First Law of Thermodynamics

What the First Law says (and what it’s really about)

The First Law of Thermodynamics is the energy-conservation rule for thermal systems. It tells you how to “keep the books” when energy moves into or out of a system as heat and work, and how that changes the system’s stored energy.

In everyday language: if energy enters a system (as heat) or leaves/enters via mechanical interaction (work), the system’s internal energy changes accordingly. Nothing about energy is created or destroyed—thermodynamics just forces you to be explicit about how energy crossed the boundary.

The standard AP Physics sign convention is:

$\Delta U = Q - W$

Internal energy $U$ : the microscopic energy stored in the system (random translational/rotational/vibrational kinetic energy of particles, plus molecular potential energy). You typically don’t know $U$ itself—what matters is the change $\Delta U$ .
Heat $Q$ : energy transferred because of a temperature difference between the system and surroundings.
- $Q > 0$ means heat flows into the system.
- $Q < 0$ means heat flows out of the system.
Work $W$ : energy transferred by a force through a distance at the system boundary (often via expansion/compression against an external pressure).
- In this convention, $W > 0$ means the system does work on the surroundings (the system loses energy by doing work).
- $W < 0$ means the surroundings do work on the system (energy is added to the system via work).

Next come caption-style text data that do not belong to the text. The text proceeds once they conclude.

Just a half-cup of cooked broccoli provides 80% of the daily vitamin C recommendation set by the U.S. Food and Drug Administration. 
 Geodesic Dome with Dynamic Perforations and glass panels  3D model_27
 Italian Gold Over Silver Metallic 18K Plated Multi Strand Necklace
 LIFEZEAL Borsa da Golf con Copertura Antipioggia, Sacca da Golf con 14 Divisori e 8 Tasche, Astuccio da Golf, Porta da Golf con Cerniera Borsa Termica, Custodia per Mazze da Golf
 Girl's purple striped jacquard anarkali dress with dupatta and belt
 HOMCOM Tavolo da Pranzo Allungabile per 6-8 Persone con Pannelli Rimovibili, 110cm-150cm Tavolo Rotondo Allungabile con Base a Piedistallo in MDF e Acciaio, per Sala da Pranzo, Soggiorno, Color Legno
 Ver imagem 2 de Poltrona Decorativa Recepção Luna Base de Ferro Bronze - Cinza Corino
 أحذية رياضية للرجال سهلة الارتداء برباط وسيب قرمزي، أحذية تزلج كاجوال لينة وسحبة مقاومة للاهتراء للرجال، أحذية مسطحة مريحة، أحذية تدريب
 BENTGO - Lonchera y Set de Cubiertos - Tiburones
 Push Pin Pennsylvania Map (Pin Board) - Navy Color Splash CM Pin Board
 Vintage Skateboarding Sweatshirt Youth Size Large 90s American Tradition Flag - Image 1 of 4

This sign convention is one of the biggest sources of mistakes—always translate the physical story (“gas expands and pushes a piston”) into the sign (“system did work, so $W > 0$ ”).

Why it matters

The First Law is the bridge between “thermal” ideas (heat, temperature) and “mechanical” ideas (work, energy conservation). In AP Physics 2, it’s the foundation for:

Understanding how engines and refrigerators move energy around
Interpreting $P$ – $V$ processes (expansion/compression) using energy ideas
Recognizing which quantities depend on the path of a process (heat, work) versus only the state (internal energy)

How it works: state functions vs. path-dependent quantities

A key conceptual leap is that internal energy is a state function, while heat and work are not.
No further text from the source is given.